Certified Federated Adversarial Training
This addresses security vulnerabilities in federated learning for scenarios with potentially all malicious clients, though it is incremental as it builds on existing robust aggregation and adversarial training methods.
The paper tackles the problem of securing federated learning systems during adversarial training when all workers could be malicious, by using abstract interpretation to detect stealthy attacks that insert weaknesses to bypass robustness, and shows the defense preserves adversarial robustness against adaptive attackers.

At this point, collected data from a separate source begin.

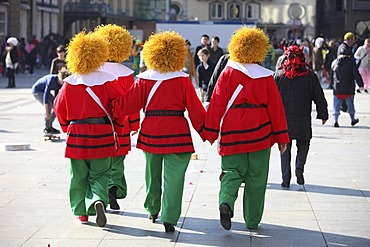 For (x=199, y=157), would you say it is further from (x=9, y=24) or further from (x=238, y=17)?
(x=238, y=17)

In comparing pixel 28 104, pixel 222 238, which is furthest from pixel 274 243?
pixel 28 104

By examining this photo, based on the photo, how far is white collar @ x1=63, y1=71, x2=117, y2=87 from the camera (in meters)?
8.50

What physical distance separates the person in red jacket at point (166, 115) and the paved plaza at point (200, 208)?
1.36 feet

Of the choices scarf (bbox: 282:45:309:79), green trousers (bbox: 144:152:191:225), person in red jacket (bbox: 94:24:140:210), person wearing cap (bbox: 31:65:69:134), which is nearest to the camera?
green trousers (bbox: 144:152:191:225)

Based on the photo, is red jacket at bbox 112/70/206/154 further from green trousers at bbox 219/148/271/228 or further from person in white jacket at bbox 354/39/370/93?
person in white jacket at bbox 354/39/370/93

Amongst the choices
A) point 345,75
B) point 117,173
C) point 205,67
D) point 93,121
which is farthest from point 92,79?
point 205,67

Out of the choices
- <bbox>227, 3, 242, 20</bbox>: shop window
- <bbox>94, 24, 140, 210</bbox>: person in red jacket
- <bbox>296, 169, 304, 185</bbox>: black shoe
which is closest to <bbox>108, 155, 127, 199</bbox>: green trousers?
<bbox>94, 24, 140, 210</bbox>: person in red jacket

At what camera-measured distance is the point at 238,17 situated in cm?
7056

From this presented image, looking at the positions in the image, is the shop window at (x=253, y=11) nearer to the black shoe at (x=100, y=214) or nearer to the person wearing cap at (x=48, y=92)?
the person wearing cap at (x=48, y=92)

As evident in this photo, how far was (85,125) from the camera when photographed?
8508 mm

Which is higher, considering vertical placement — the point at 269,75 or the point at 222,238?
the point at 269,75

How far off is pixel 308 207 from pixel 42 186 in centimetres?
313

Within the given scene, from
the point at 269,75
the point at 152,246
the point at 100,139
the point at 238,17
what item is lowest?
the point at 152,246

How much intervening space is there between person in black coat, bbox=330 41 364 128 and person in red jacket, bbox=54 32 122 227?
9.22m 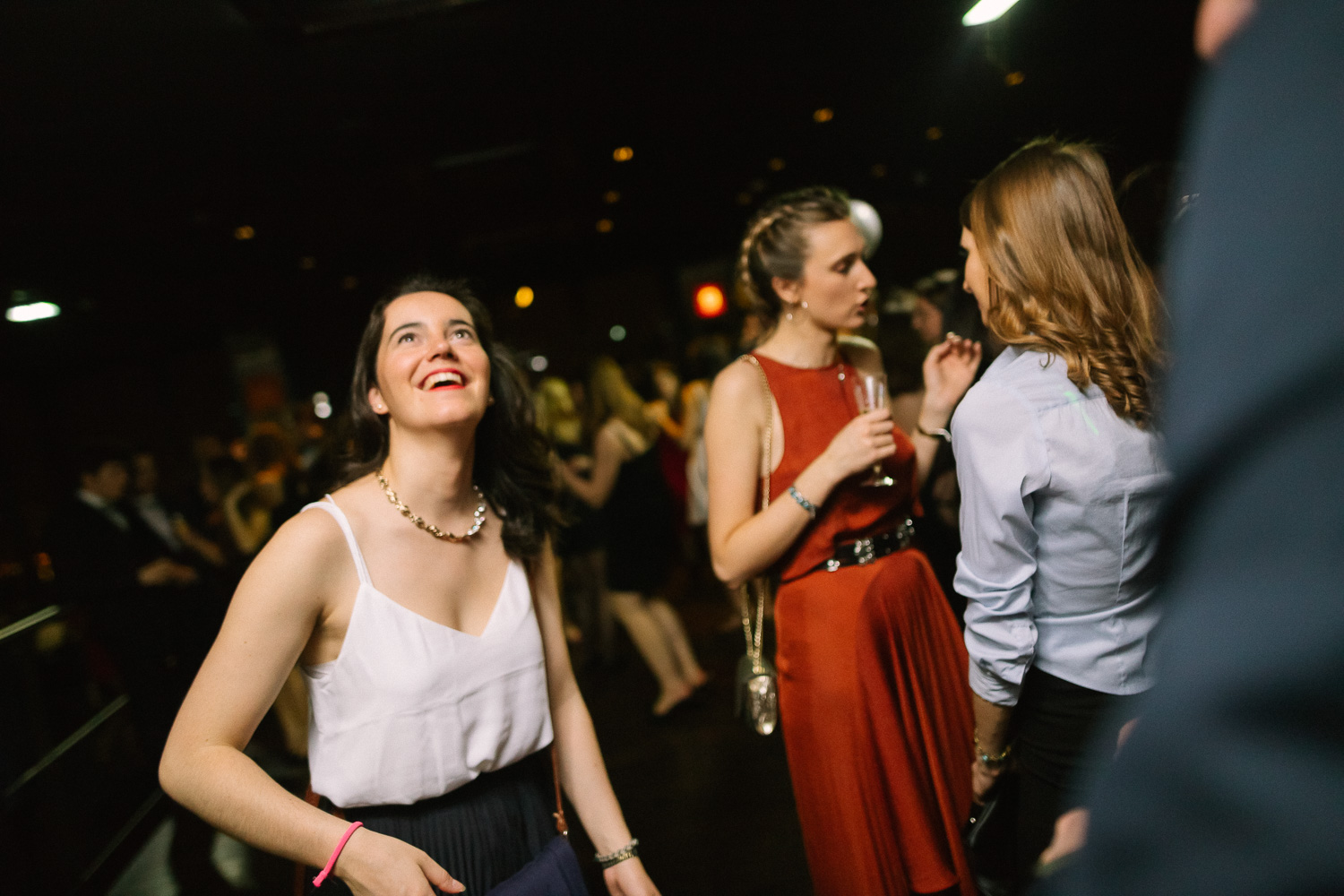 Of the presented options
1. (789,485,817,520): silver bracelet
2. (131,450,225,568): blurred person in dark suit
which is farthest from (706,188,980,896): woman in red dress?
(131,450,225,568): blurred person in dark suit

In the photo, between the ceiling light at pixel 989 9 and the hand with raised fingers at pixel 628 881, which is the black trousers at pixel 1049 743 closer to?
the hand with raised fingers at pixel 628 881

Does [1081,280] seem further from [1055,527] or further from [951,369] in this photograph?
[951,369]

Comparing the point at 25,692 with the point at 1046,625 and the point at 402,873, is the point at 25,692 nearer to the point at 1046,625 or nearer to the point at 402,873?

In federated learning (FL), robust aggregation schemes have been developed to protect against malicious clients. Many robust aggregation schemes rely on certain numbers of benign clients being present in a quorum of workers. This can be hard to guarantee when clients can join at will, or join based on factors such as idle system status, and connected to power and WiFi. We tackle the scenario of securing FL systems conducting adversarial training when a quorum of workers could be completely malicious. We model an attacker who poisons the model to insert a weakness into the adversarial training such that the model displays apparent adversarial robustness, while the attacker can exploit the inserted weakness to bypass the adversarial training and force the model to misclassify adversarial examples. We use abstract interpretation techniques to detect such stealthy attacks and block the corrupted model updates. We show that this defence can preserve adversarial robustness even against an adaptive attacker.